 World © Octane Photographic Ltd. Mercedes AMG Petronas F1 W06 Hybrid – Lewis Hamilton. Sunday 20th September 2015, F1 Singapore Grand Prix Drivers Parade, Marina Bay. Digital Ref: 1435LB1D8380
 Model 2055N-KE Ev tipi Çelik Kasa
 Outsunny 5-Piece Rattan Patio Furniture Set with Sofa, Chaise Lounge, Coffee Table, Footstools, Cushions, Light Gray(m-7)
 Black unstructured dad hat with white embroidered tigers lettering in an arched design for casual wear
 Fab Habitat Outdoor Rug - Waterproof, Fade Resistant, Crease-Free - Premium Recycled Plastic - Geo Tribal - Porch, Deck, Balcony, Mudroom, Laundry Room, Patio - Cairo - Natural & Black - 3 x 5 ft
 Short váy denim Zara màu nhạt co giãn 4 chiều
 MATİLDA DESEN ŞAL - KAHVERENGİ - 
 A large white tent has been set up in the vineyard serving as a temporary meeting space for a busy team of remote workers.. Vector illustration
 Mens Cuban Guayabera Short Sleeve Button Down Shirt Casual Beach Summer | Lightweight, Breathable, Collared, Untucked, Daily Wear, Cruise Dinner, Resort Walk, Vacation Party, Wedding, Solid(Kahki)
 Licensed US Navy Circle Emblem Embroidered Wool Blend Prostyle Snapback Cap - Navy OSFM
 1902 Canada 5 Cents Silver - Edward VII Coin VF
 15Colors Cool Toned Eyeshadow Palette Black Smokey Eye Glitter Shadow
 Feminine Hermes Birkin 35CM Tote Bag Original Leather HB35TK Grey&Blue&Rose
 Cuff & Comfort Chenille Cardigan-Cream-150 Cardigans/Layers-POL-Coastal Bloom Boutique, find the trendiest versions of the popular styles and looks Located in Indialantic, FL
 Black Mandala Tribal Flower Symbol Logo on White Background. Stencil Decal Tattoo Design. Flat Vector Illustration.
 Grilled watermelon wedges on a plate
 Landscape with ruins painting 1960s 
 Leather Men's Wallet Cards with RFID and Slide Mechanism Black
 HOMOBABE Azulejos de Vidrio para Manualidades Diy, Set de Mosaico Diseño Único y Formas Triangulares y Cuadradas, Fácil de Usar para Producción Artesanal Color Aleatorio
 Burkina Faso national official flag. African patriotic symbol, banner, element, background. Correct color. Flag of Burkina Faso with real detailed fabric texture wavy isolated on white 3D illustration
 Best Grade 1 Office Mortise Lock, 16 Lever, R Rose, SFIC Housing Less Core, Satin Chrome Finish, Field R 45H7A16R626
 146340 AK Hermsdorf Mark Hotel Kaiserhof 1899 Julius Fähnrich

THE TASK:
Send back exactly, with nothing added, the lines from the first line of the material above through the line holding "Black unstructured dad"; both ends are included.

RESULT FOR THIS TASK:
 World © Octane Photographic Ltd. Mercedes AMG Petronas F1 W06 Hybrid – Lewis Hamilton. Sunday 20th September 2015, F1 Singapore Grand Prix Drivers Parade, Marina Bay. Digital Ref: 1435LB1D8380
 Model 2055N-KE Ev tipi Çelik Kasa
 Outsunny 5-Piece Rattan Patio Furniture Set with Sofa, Chaise Lounge, Coffee Table, Footstools, Cushions, Light Gray(m-7)
 Black unstructured dad hat with white embroidered tigers lettering in an arched design for casual wear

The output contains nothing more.